Gympie donates $1.8m in '15-16 - but less of us are giving
GYMPIE charities need to appeal on multiple levels, a philanthropy expert has said, with new research revealing the changing nature of our gift giving.
New research from QUT's Australian Centre for Philanthropy and Nonprofit Studies of ATO data has revealed that from 2005-06 to 2015-16, donations from Gympie are going up - but less people are giving them.
The data showed that in 2015-16 $1.82 million in tax-deductible gifts were claimed by residents in the 4570 postcode, with an average donation of $397.74.
This was double the amount given in 2005-06 of $922,000, when the average deduction was $201.70.
While this might make us seem more generous on the surface, the proportion of taxpayers claiming gifts has dropped from 33.16 per cent to 22.33 per cent in that same time.
Our rates were well below the Australian average in '15-16 where the average deduction was $633.72, given by about one third of the population.

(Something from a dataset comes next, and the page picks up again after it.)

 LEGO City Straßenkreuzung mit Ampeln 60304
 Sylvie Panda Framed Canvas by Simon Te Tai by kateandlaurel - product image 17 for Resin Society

With charities in regions like Gympie reliant on donations to continue support, ACPNS emeritus Professor Myles McGregor-Lowndes said they had to stay on top of the technological shift.

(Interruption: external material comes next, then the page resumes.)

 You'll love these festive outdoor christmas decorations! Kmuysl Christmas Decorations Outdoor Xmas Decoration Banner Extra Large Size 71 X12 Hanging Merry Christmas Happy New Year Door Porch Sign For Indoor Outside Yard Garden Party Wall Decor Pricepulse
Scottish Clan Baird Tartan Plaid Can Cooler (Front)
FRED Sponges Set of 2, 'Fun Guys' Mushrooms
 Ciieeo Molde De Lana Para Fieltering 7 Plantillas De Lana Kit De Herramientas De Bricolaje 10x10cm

"Fund-raising charities that are not with social media will be missing out,” he said.
"Charities have to keep up with the times. Local groups may be suffering.”
He said those that can appeal emotionally and economically were well placed to succeed with tax deductability more concerning to those who want to dig deep in their pockets.
"What we know is that giving is driven by an emotional impulse. People give because they have an affinity or are sympathetic to the cause.”
So what is at play in the changes?
Prof McGregor-Lowndes said our ageing demographic (by 2036 Gympie's average age is expected to be 10 years older than the state's) might have an effect.
"We know that those in their later years will give more than those in their earlier years,” he said.
Income levels also played a part in dragging the average donation up Prof McGregor-Lowndes said, and the Wide Bay's historic socio-economic struggles could also have an impact.
"When you have a look at it, the major bulk of funds is given by those with over $1 million in income,” he said.
However he said part of the decline in tax return gift claims could be because people are donating in ways which they do not claim.